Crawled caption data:
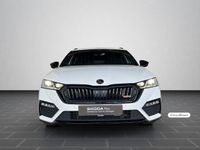 Skoda Octavia - Vorschau Bild 6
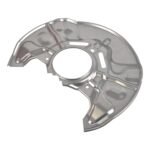 Brake Disc Shield - Toyota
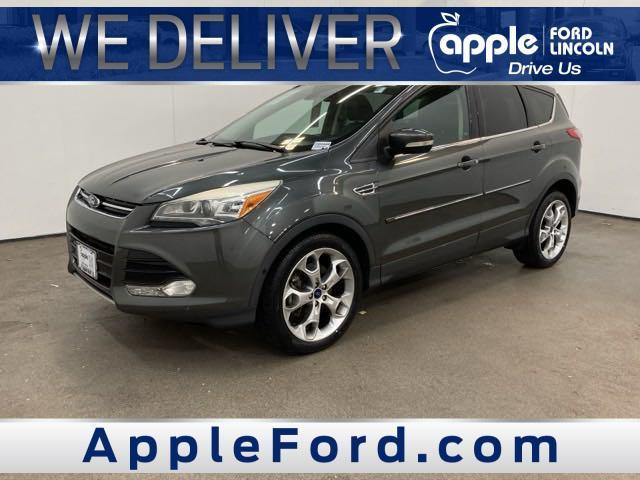 used 2016 Ford Escape car, priced at $13,000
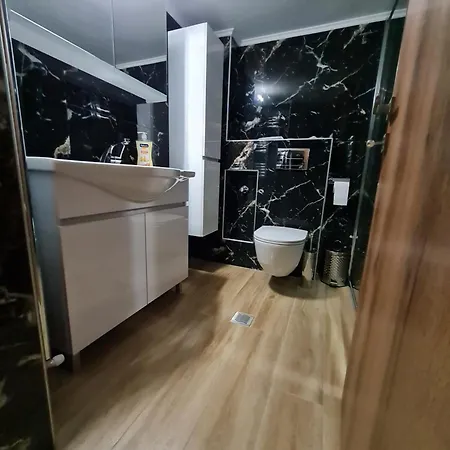 Apartment Dimitris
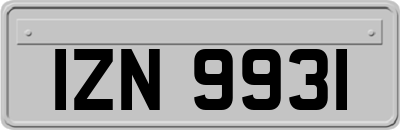 IZN9931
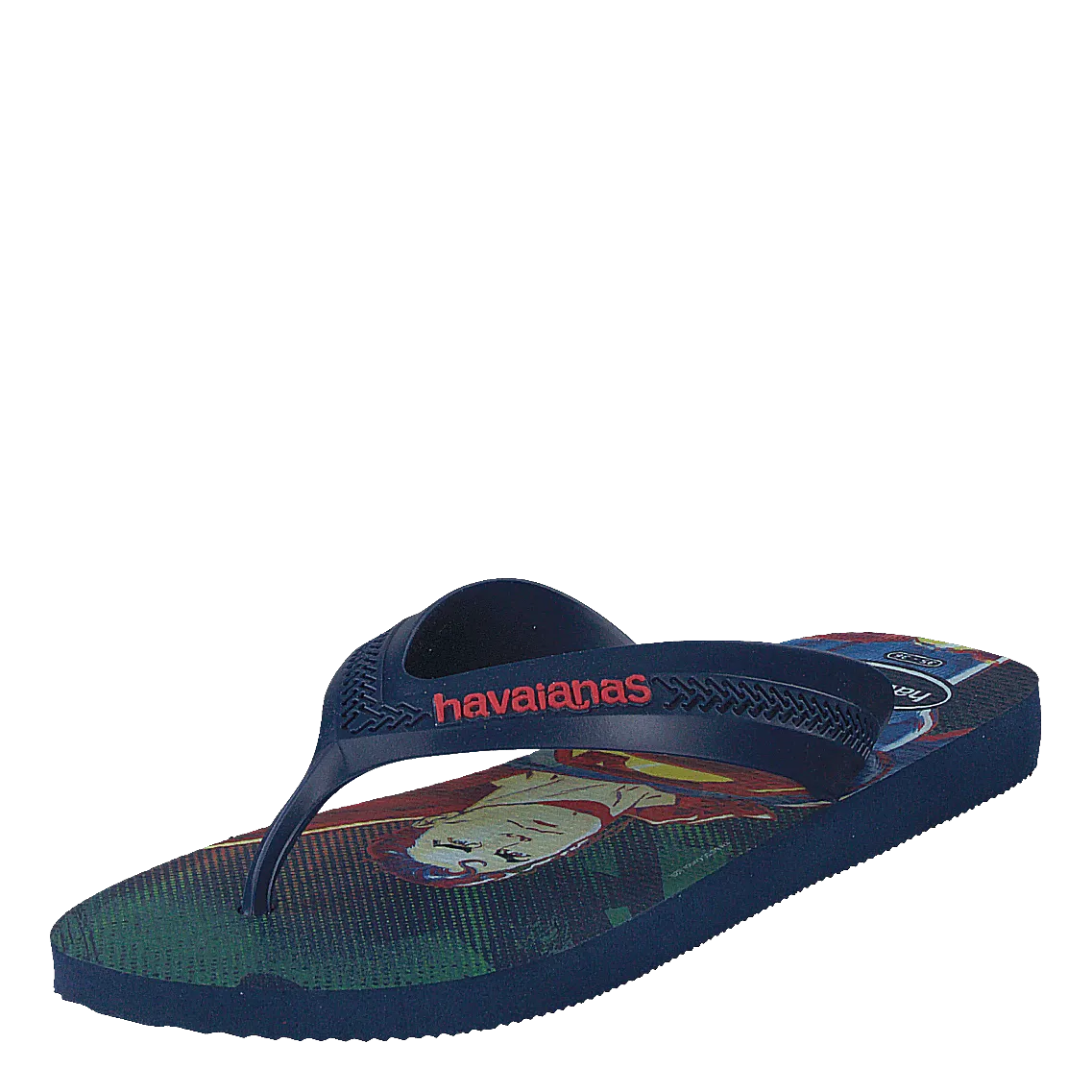 Kids Max Navy Blue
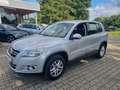 Volkswagen Tiguan 1.4 TSI BlueMotion Technology Trend Silber - thumbnail 1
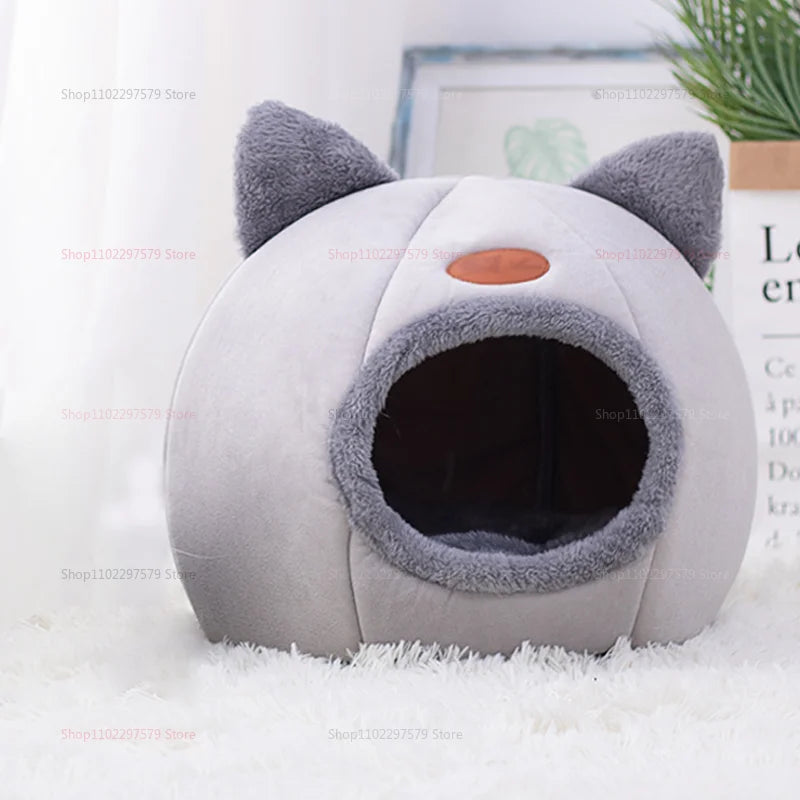 Maison chaude  pour animaux de compagnie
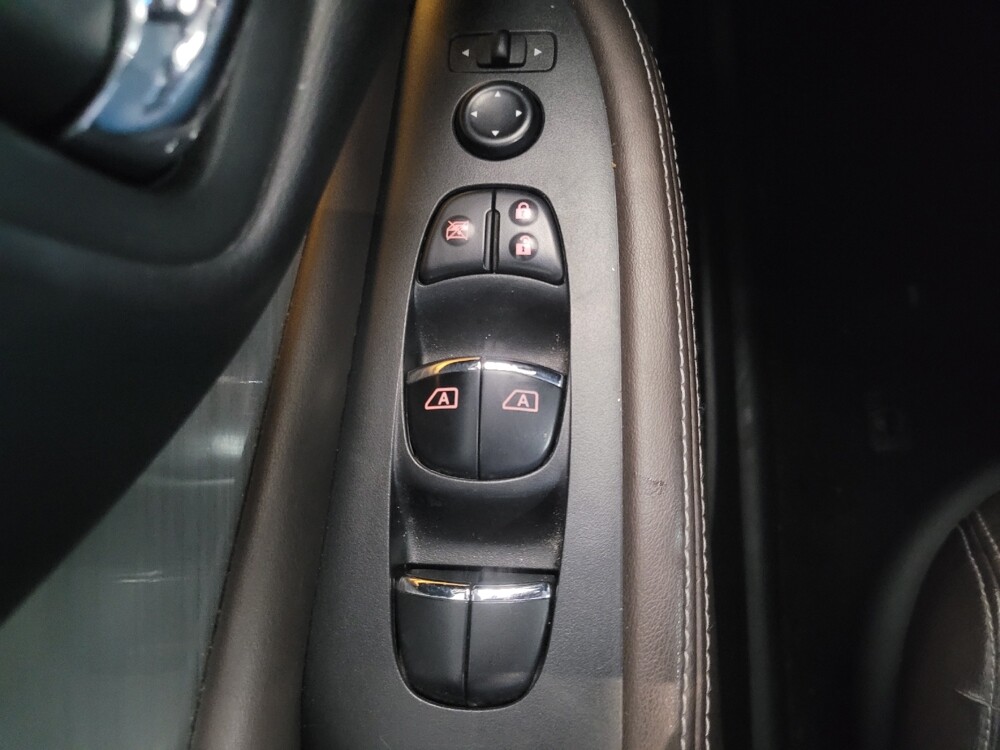 2015 Nissan Murano in Conyers, GA 30094 - 18114443 27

● **Task prompt**
Give back all the data exactly, minus pictures.

● **Response for this exercise**
 Skoda Octavia - Vorschau Bild 6
 Brake Disc Shield - Toyota
 used 2016 Ford Escape car, priced at $13,000
 Apartment Dimitris
 IZN9931
 Kids Max Navy Blue
 Volkswagen Tiguan 1.4 TSI BlueMotion Technology Trend Silber - thumbnail 1
 Maison chaude  pour animaux de compagnie
 2015 Nissan Murano in Conyers, GA 30094 - 18114443 27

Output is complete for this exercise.